Below I'm showing just a small subset of a larger set of measurements of a process that I'm using to in turn predict something else. The part of the process that is my signal of interest is the random-walk. I've posted the data in csv format for those especially interested, but it is not necessary to look at this to answer my question.

I've fitted an ARIMA(1,1,2) model to my signal (after log tranforming it). It was the best by AIC/SBC model selection, and the prediction is overlaid on the original (after log transform) below:

Predicted Overlaid on Actual

And residuals look like white noise to me (no test yet performed for that though):
enter image description here

  • In general, how do I get the prediction at each time step for the random walk portion of the ARIMA model?
  • The outlier with a value around -5 is a bad data point and I'd like to exclude it. If it's not broadening the question too much I'd like to know how to exclude data points that fall outside of pre-determined limits during an online prediction.
  • I did notice my residuals show a change in variance, so if that violates some kind of ARIMA model assumptions or something let me know.

Best Answer

Thanks to the help on this forum i was also able to ask this consolidated form of the original question to one of the profs at my university who is teaching a time-series class this semester....which i should have taken :-)

I thought his answer was pretty good, and also has some echos of other comments posted for this question.

I'm not so sure I should accept this answer officially...but at least want to share it here.

Prof Answer:

You have some strange patterns in your data… it looks like there is some type of “structural break” (the form or pattern of the time process changes around time point 3000). It might make sense to break the time series into two pieces and analyze each separately, if everything else is not working so well.

If covariances are indeed changing over time, then you would be violating the Box-Jenkins model.

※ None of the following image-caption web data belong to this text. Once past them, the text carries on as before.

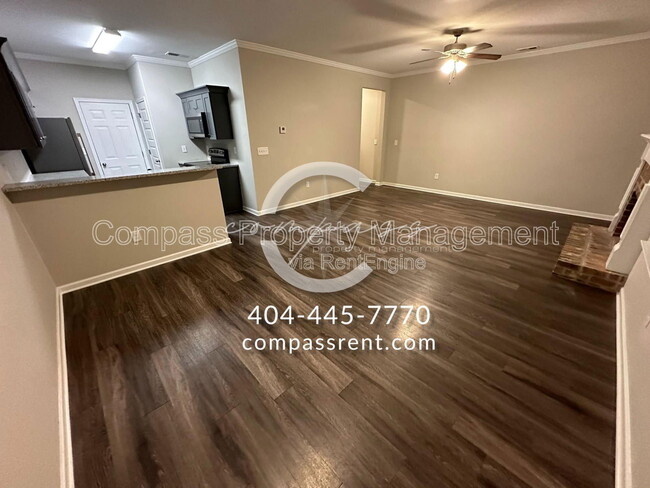 Foto del edificio - 112 Squarewood Ln NW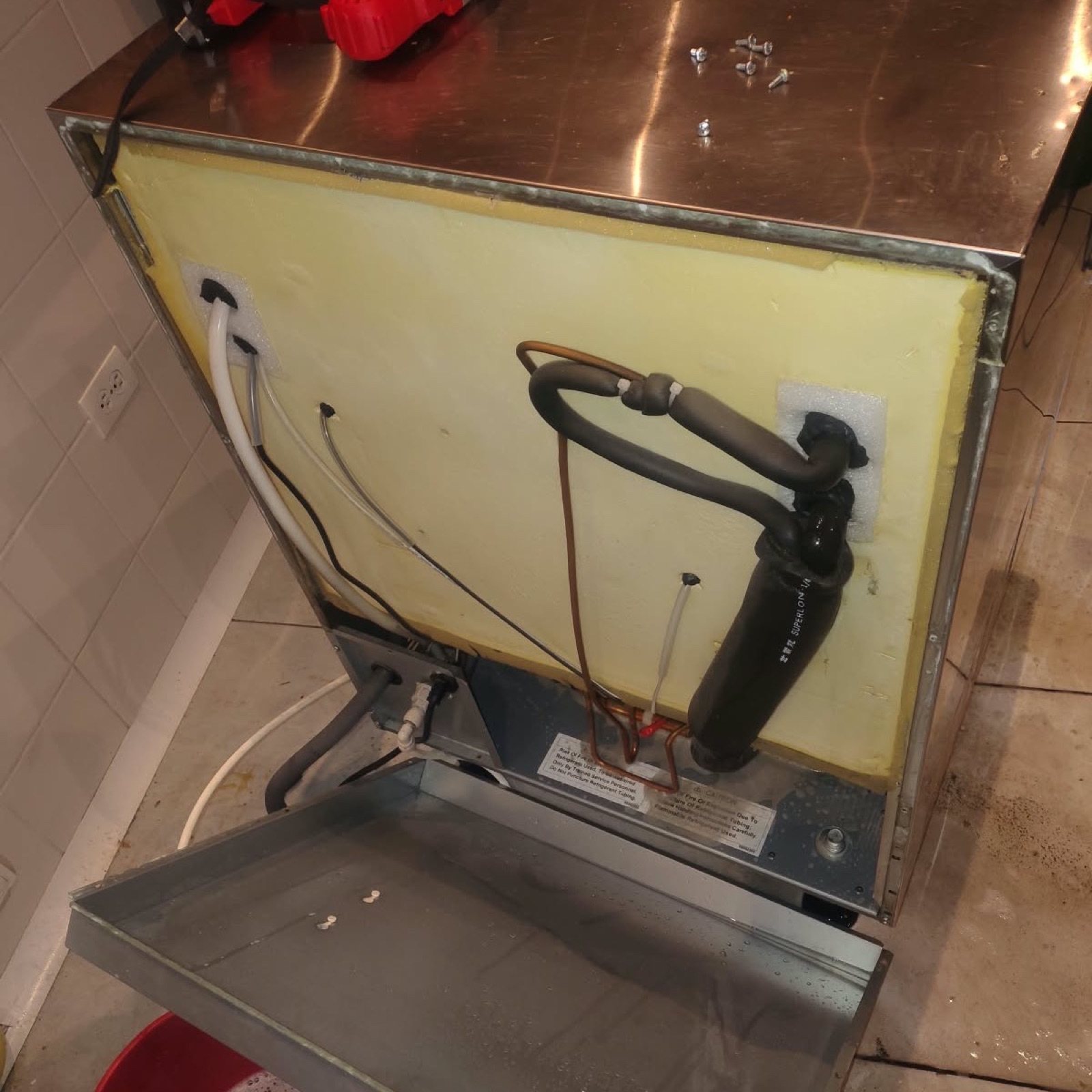 Máquina de hielo abierta por detrás durante el mantenimiento
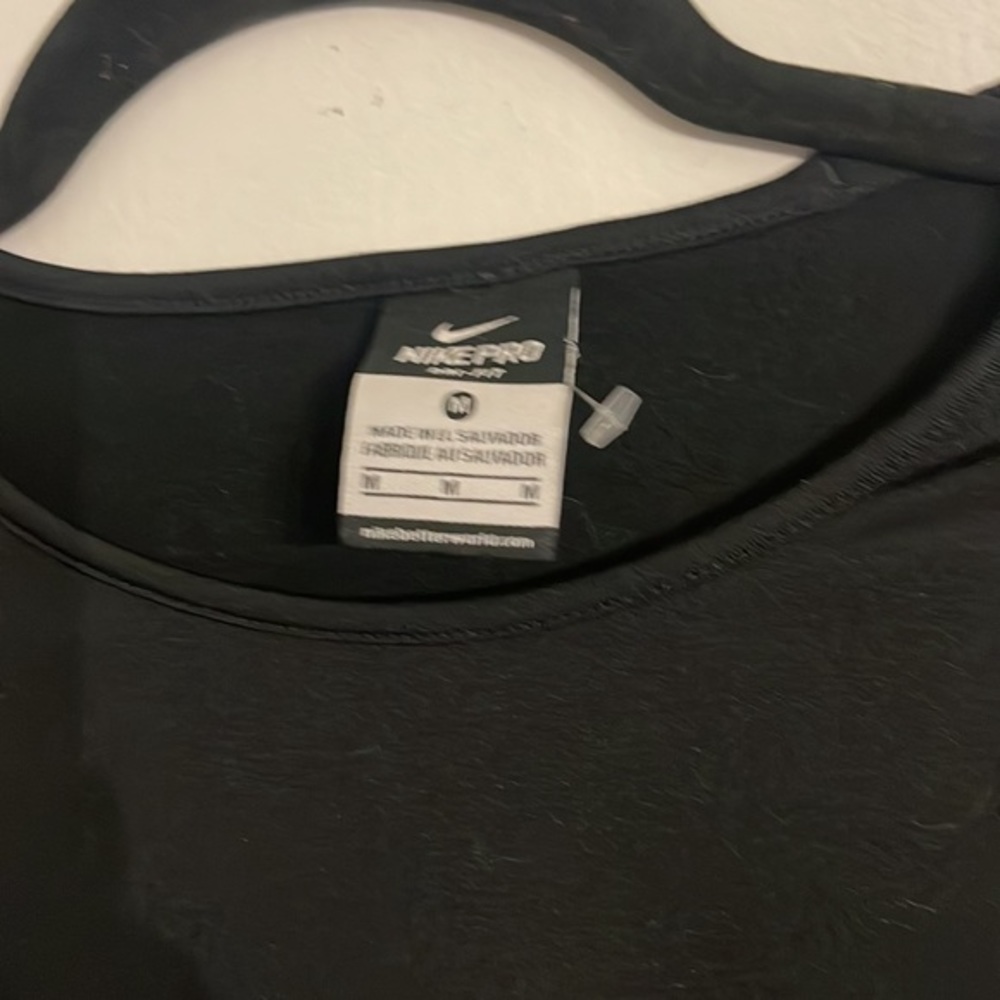 Nike dry fit top - Picture 2 of 6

I would try some intermediate steps. First just difference your time series: compute Y_t= X_t - X_{t-1} (after log transformation) and see if it looks like there’s some similar pattern throughout. If so, then you could try fitting a ARMA model to the difference. Are you using a software package that computes ARMA models? Can you fit such models on the differences Y_t?

Sometimes software packages will compute the k-step forecasts for the future… if you had those, then you could undo the differencing to get your predictions on-line. So for example, you get predictions in the future for Y_{n+1},…,Y_{n+k} and you know Y_{n+i} = X_{n+i}- X_{n+i-1} so you can find X_{n+i} = Y_{n+i}+X_{n+i-1} for i=1,…,k by the predictions for the differences Y_{n+i} and the observation you have for X_n. Otherwise, you might have to resort to Kalman filtering, which can be ok too.

If you have any outliers you could just delete them in fitting the model. Essentially, you would have no information at that time point, but that’s better than misleading information.

I guess that I just wonder (based on your initial graph) about how the fit of the time series model might improve if you considered breaking the time series into two pieces. Maybe you would do a better job of capturing extremes in the 2nd portion of the series.